As state Senate President Jeff Kessler pointed out to Mannix Porterfield of the Register-Herald in Beckley, the state has devoted 60 percent to 65 percent of its general revenue budget to education for 30 years.

But public education hasn't produced results. Test scores are low, colleges complain that high school graduates need remedial classes, and employers warn that they can't find the people they desperately need.

A study found that much of the problem lies with the way the state has managed education - through micro-legislation, with a top-heavy bureaucracy based in Charleston controlling virtually everything school boards, principals and teachers do.

Gov. Earl Ray Tomblin distilled some of the observations into a 179-page bill introduced in the Senate on Monday. Public policy director Hallie Mason said the package would remove obstacles imposed by the state and give local educators the flexibility they need to produce results.

The bill would:

* End the overemphasis on seniority and give principals and faculty senates more latitude in hiring.

* Let West Virginia schools hire recent graduates who don't have teaching degrees - but have been vetted by the Teach for America program - to fill vacancies in struggling schools.

* Require all elementary-level teachers to have training in teaching reading - a foundational skill that makes or breaks kids by the third grade.

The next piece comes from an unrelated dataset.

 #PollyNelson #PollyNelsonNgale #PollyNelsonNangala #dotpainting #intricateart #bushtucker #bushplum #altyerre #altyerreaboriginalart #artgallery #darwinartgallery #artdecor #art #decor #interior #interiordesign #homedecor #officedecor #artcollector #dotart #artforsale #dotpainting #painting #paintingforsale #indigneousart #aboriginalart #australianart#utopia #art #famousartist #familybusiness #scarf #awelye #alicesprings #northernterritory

* Better engage middle-school students.

* Improve vocational opportunities.

* Let counties tailor calendars to their areas' needs.

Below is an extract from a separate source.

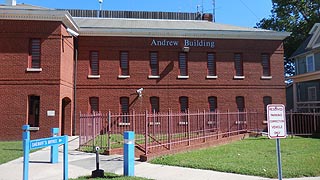 [photo, Sheriff's Office, Andrew Building, 101 Gay St., Denton, Maryland]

* Require all counties to offer full-day preschool for 4-year-olds. That would help many families give their children a good start. (It would also significantly enhance job security in counties with falling enrollment.)

Judy Hale, president of the West Virginia Federation of Teachers, called the governor's bill "the ugliest bill I've seen in 30 years." Dale Lee of the West Virginia Education Association lamented "more punitive actions aimed at teachers."

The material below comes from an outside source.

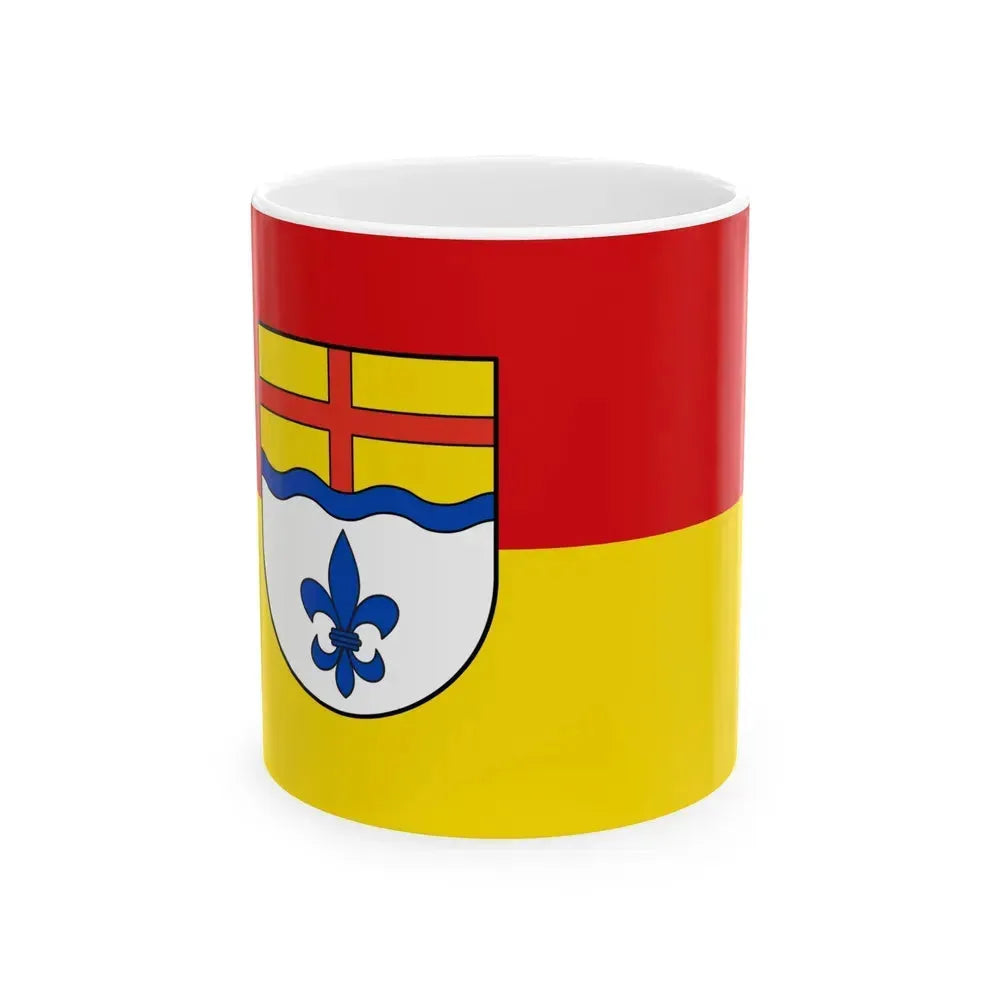 Flag of Hoexter Germany - White Coffee Mug 11oz - Go Mug Yourself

This is not true. Nobody blames teachers for ineffective schools. They are prisoners of the system also.

Teachers unions, working through the Legislature, have essentially written public school policy for the same 30 years that Kessler used as his frame of reference. Those policies simply have not worked.

Of course change is scary. But scarier than failing thousands of students and driving teachers crazy?

Not even close.

Failure to insist on change is the most dangerous thing senators and delegates could do at this point.